TASK DETAILS: Only the lines of the data below from the one with "Maciej Pela z córeczkami nad Wisłą" through the one with "24 Rearden Crescent, Roxburgh Park VIC 3064" are wanted. Repeat them exactly.

DATA SHOWN:
*-*-*
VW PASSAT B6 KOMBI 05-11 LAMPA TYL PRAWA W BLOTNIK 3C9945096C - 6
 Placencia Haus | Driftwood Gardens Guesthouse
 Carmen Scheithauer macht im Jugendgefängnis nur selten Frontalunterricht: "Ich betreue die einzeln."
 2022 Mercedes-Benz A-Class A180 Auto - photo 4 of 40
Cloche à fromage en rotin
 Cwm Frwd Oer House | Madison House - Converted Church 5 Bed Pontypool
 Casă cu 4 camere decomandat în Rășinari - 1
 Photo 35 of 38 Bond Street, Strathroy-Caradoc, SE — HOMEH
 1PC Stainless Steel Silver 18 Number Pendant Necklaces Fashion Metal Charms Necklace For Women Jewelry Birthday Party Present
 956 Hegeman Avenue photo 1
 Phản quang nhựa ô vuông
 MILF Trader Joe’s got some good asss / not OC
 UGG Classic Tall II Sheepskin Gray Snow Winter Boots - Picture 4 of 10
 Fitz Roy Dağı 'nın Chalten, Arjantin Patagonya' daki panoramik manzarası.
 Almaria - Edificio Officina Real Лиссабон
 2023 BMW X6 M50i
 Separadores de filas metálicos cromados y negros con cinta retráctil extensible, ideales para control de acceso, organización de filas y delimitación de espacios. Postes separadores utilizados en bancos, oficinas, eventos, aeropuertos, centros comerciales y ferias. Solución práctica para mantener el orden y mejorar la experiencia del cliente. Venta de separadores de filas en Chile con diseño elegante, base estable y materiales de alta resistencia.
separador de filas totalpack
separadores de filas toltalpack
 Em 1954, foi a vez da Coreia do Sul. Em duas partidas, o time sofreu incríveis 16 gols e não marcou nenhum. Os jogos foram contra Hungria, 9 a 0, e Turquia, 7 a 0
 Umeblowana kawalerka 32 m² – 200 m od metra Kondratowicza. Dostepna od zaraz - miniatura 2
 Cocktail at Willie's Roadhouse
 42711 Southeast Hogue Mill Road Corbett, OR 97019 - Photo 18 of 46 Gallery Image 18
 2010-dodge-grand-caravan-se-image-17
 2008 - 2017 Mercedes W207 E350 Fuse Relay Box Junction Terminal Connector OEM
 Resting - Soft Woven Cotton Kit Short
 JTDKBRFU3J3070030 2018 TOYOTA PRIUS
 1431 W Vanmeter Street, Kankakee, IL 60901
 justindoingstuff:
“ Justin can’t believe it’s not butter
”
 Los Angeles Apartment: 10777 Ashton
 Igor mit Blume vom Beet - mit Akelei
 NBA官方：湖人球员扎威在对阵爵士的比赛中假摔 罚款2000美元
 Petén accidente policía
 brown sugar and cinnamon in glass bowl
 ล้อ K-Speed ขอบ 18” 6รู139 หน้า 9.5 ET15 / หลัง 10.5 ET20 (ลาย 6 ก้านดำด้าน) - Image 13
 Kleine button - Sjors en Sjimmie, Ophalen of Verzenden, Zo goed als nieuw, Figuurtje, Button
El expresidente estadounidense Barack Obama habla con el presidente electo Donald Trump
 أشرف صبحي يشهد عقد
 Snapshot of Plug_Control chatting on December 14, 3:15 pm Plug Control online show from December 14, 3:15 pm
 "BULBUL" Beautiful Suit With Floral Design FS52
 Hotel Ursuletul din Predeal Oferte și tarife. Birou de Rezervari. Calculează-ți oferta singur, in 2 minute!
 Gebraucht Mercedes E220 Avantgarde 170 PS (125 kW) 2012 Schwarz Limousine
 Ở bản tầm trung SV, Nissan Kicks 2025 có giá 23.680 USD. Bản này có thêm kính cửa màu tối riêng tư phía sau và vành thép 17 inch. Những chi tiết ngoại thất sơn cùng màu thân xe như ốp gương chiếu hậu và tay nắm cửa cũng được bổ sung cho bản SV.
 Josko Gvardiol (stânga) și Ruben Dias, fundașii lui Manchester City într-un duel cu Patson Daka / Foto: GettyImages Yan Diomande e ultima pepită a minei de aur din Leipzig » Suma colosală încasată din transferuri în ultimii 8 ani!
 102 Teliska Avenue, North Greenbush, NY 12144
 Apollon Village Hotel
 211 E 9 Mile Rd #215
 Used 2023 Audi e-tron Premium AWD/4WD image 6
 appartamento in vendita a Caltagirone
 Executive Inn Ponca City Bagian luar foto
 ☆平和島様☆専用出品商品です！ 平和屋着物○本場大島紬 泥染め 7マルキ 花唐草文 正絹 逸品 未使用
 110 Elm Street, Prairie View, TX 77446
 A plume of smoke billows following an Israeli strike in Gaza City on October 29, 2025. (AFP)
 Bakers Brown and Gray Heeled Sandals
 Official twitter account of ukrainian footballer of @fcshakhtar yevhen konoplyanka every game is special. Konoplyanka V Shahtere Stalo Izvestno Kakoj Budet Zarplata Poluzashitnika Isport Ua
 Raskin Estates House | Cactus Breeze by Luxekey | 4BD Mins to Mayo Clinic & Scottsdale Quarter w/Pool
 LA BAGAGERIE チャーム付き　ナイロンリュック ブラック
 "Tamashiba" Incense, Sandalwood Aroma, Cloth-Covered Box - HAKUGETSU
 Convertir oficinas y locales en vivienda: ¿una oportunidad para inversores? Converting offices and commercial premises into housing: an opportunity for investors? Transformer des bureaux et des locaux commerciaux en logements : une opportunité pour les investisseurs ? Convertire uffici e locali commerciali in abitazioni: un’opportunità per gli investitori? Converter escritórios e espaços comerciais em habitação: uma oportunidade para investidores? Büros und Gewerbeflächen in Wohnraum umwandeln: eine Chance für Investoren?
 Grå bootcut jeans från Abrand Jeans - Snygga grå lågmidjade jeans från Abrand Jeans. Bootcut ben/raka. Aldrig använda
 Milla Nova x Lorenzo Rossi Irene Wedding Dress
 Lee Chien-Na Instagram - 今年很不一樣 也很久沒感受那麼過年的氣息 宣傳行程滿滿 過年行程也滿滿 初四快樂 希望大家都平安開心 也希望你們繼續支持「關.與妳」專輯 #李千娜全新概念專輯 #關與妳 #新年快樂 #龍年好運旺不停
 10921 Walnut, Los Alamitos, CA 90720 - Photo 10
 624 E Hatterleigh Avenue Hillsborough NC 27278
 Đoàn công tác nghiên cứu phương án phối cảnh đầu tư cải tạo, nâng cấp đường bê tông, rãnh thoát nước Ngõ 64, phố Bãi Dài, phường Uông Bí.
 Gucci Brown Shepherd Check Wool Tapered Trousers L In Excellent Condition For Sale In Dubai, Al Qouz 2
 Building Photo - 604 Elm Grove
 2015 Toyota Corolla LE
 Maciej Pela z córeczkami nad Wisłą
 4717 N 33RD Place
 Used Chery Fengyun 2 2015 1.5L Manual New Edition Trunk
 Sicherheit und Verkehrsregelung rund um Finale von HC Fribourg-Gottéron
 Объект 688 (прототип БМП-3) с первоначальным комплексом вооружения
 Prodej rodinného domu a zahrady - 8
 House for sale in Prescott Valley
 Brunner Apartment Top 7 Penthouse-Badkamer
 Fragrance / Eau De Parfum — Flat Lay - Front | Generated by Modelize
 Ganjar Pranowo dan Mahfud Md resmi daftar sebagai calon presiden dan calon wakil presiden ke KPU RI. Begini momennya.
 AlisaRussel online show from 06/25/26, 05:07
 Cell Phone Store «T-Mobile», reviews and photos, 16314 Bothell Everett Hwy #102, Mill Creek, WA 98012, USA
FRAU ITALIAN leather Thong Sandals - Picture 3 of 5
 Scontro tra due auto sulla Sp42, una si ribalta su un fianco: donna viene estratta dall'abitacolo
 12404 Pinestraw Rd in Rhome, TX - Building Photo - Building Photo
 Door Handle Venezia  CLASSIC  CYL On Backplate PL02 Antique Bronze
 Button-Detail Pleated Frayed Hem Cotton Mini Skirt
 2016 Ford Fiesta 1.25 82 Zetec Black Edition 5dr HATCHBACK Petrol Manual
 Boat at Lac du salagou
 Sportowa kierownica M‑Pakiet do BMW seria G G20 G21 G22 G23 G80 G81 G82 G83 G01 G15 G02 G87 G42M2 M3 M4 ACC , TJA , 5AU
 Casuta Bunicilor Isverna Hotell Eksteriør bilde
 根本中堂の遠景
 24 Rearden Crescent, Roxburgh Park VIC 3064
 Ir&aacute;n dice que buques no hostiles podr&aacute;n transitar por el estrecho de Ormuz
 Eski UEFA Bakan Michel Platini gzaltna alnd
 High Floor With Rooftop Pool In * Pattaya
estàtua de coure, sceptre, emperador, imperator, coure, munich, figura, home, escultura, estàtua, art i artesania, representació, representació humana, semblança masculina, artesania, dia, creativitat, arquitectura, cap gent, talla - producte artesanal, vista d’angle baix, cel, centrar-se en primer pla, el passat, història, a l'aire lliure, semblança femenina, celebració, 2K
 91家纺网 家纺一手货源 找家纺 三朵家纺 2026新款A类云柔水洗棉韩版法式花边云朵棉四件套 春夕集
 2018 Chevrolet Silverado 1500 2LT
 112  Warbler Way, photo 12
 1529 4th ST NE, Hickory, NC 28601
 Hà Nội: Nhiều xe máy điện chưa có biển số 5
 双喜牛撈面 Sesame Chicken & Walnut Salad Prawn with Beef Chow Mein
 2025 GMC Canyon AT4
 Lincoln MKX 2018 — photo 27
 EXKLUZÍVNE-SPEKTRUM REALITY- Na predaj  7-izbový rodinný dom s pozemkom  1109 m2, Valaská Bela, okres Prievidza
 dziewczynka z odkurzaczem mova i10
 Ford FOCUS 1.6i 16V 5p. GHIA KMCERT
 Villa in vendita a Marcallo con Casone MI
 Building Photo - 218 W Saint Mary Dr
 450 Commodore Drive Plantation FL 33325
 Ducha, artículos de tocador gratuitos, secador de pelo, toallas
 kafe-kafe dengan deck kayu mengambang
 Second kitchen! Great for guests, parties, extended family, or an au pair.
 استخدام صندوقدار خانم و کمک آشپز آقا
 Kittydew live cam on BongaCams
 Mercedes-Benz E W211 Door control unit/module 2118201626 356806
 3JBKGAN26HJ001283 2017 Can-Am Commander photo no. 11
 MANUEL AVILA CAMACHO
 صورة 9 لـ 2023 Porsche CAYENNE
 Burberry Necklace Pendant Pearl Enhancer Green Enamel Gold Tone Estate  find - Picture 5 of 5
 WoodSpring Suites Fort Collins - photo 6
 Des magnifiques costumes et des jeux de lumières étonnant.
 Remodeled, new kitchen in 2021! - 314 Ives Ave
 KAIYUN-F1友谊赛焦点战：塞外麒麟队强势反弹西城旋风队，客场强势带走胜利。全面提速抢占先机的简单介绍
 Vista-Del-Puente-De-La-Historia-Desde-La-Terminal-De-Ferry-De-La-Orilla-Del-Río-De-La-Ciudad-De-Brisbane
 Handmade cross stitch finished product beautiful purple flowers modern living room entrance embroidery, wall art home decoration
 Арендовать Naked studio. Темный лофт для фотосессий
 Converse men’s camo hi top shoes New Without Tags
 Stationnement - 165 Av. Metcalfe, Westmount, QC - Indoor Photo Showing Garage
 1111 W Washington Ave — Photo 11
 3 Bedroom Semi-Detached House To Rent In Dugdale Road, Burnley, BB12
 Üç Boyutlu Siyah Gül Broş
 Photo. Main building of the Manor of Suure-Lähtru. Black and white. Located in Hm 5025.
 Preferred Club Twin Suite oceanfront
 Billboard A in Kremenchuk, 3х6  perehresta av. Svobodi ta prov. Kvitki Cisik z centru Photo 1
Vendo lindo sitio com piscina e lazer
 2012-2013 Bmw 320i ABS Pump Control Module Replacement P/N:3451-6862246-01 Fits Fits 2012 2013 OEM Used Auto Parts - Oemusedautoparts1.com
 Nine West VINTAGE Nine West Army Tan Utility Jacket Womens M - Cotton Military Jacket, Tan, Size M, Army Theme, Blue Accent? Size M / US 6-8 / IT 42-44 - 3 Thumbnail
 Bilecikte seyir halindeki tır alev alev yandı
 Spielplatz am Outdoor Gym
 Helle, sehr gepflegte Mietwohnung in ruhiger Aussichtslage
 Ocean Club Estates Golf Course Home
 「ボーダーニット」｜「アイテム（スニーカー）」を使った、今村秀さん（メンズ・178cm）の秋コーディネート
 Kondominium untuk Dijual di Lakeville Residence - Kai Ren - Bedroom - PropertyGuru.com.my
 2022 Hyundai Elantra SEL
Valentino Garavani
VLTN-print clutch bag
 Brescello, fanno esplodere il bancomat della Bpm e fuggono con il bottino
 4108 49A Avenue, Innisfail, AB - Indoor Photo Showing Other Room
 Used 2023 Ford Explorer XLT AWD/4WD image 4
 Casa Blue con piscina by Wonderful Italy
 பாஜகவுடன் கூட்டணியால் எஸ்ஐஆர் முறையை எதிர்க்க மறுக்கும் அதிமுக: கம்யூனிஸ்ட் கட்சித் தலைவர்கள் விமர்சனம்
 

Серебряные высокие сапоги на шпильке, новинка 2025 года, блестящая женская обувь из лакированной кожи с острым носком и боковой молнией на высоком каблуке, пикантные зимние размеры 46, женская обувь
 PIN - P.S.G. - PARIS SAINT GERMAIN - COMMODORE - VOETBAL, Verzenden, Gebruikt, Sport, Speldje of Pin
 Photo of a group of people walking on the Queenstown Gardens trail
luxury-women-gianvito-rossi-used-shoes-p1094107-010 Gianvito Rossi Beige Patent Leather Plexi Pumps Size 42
*-*-*
TASK OUTPUT:
 Maciej Pela z córeczkami nad Wisłą
 4717 N 33RD Place
 Used Chery Fengyun 2 2015 1.5L Manual New Edition Trunk
 Sicherheit und Verkehrsregelung rund um Finale von HC Fribourg-Gottéron
 Объект 688 (прототип БМП-3) с первоначальным комплексом вооружения
 Prodej rodinného domu a zahrady - 8
 House for sale in Prescott Valley
 Brunner Apartment Top 7 Penthouse-Badkamer
 Fragrance / Eau De Parfum — Flat Lay - Front | Generated by Modelize
 Ganjar Pranowo dan Mahfud Md resmi daftar sebagai calon presiden dan calon wakil presiden ke KPU RI. Begini momennya.
 AlisaRussel online show from 06/25/26, 05:07
 Cell Phone Store «T-Mobile», reviews and photos, 16314 Bothell Everett Hwy #102, Mill Creek, WA 98012, USA
FRAU ITALIAN leather Thong Sandals - Picture 3 of 5
 Scontro tra due auto sulla Sp42, una si ribalta su un fianco: donna viene estratta dall'abitacolo
 12404 Pinestraw Rd in Rhome, TX - Building Photo - Building Photo
 Door Handle Venezia  CLASSIC  CYL On Backplate PL02 Antique Bronze
 Button-Detail Pleated Frayed Hem Cotton Mini Skirt
 2016 Ford Fiesta 1.25 82 Zetec Black Edition 5dr HATCHBACK Petrol Manual
 Boat at Lac du salagou
 Sportowa kierownica M‑Pakiet do BMW seria G G20 G21 G22 G23 G80 G81 G82 G83 G01 G15 G02 G87 G42M2 M3 M4 ACC , TJA , 5AU
 Casuta Bunicilor Isverna Hotell Eksteriør bilde
 根本中堂の遠景
 24 Rearden Crescent, Roxburgh Park VIC 3064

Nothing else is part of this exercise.